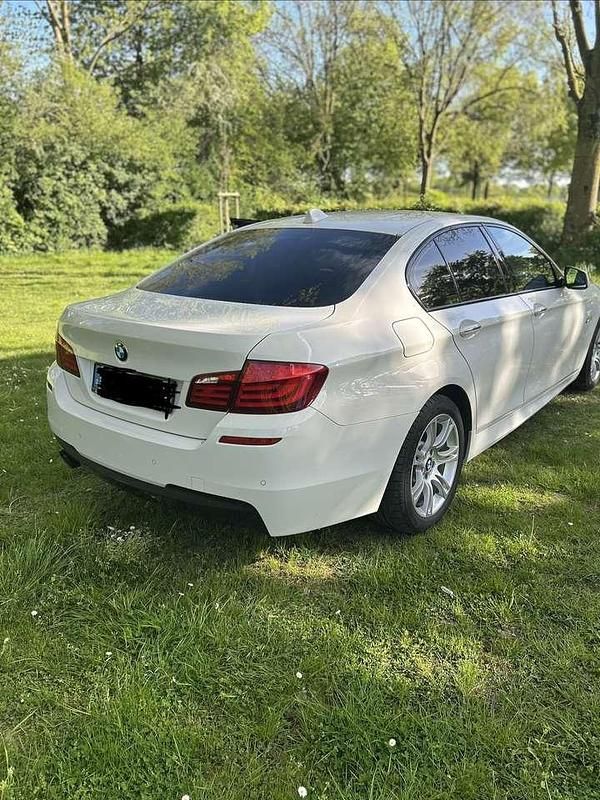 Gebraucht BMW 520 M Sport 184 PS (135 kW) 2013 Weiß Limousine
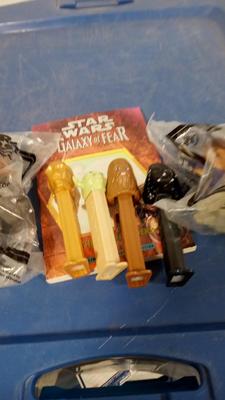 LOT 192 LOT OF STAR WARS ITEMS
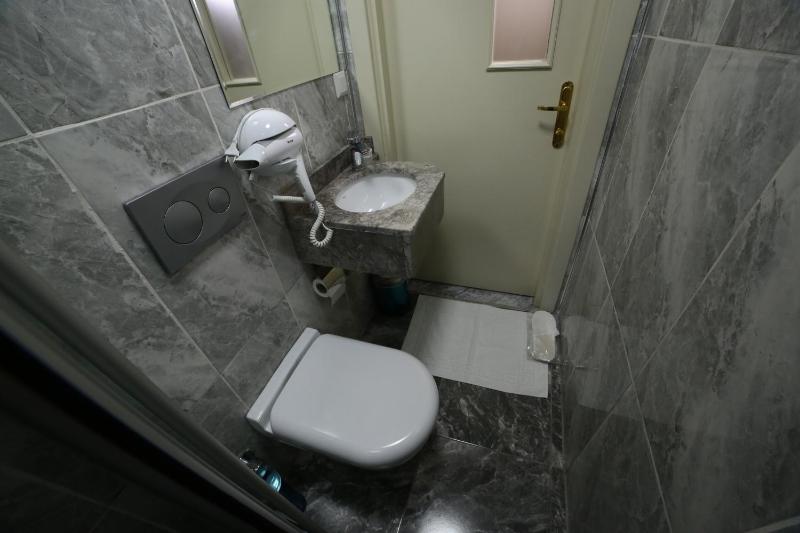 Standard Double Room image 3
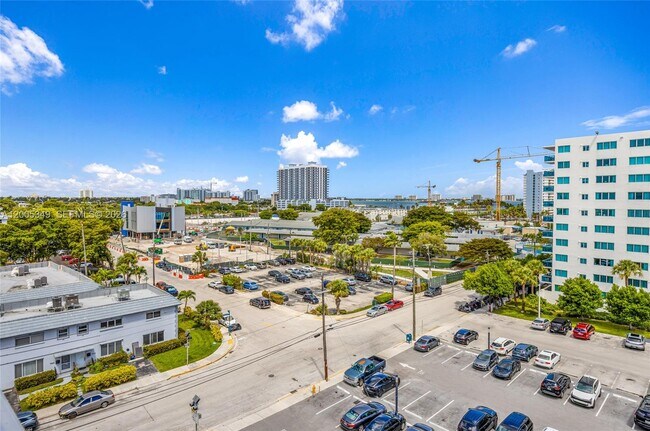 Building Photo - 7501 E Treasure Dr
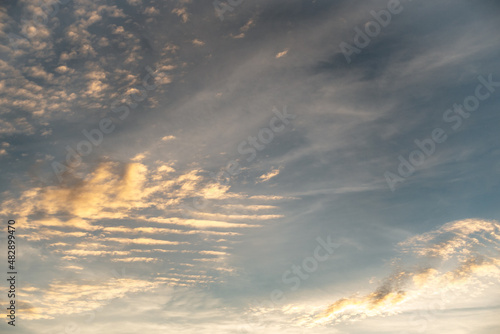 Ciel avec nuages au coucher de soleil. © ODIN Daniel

...

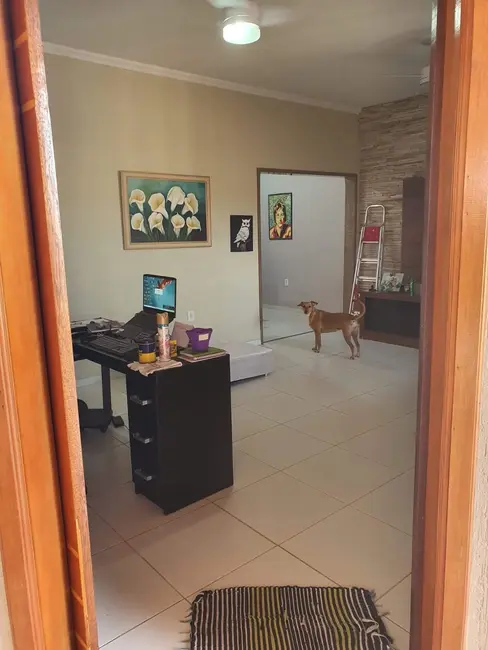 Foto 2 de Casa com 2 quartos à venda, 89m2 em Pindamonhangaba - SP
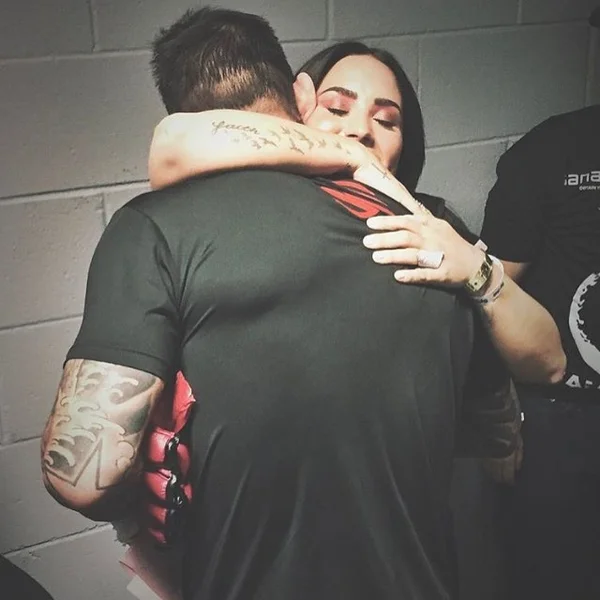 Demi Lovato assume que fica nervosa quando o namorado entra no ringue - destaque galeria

* * *

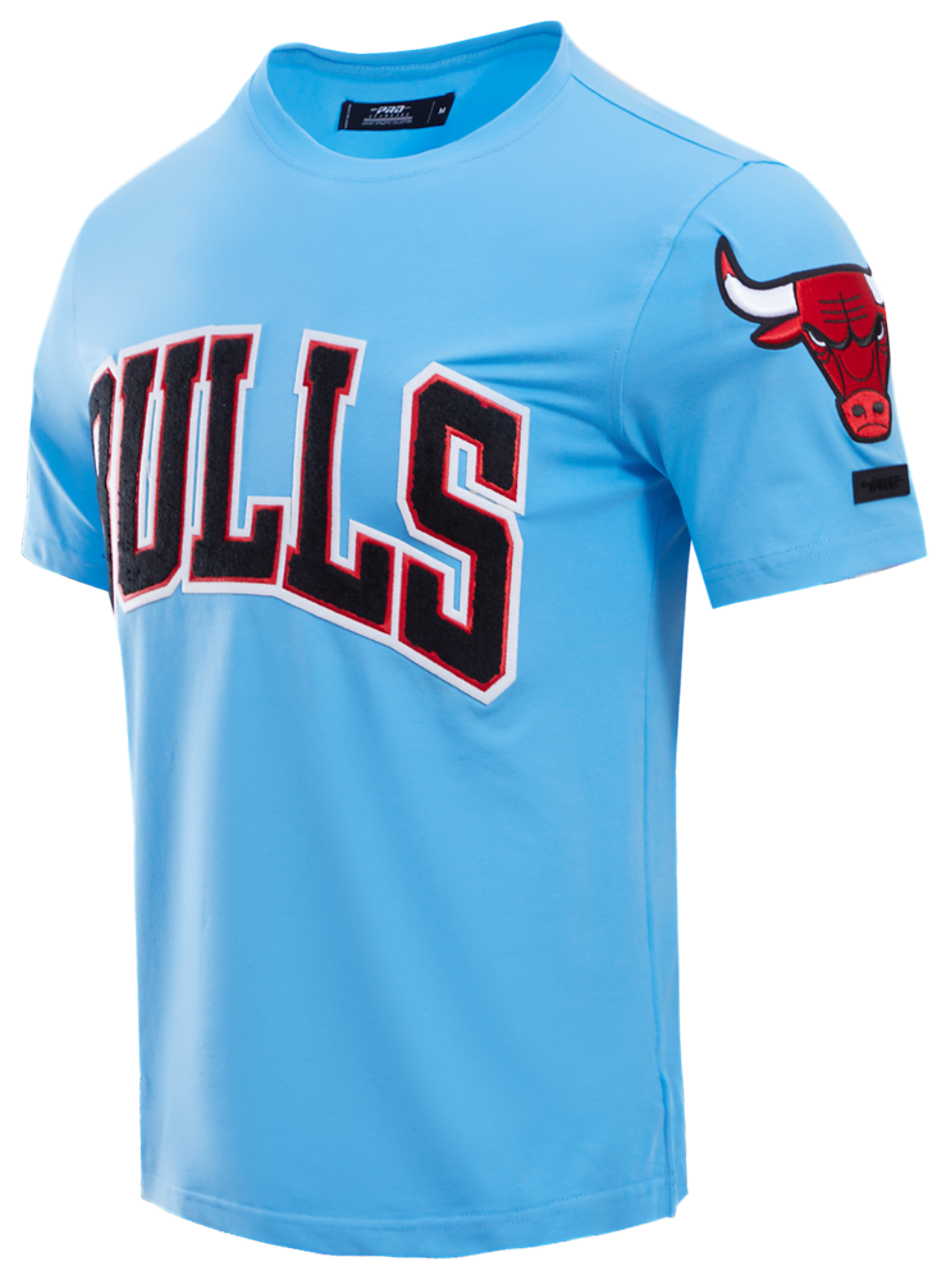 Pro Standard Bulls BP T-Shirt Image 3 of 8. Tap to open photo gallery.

TASK STATEMENT
From the records above, copy only the lines running from the line holding "Gebraucht BMW 520" through the line holding "Ciel avec nuages", with no pictures.

TASK OUTPUT
 Gebraucht BMW 520 M Sport 184 PS (135 kW) 2013 Weiß Limousine
 LOT 192 LOT OF STAR WARS ITEMS
 Standard Double Room image 3
 Building Photo - 7501 E Treasure Dr
 Ciel avec nuages au coucher de soleil. © ODIN Daniel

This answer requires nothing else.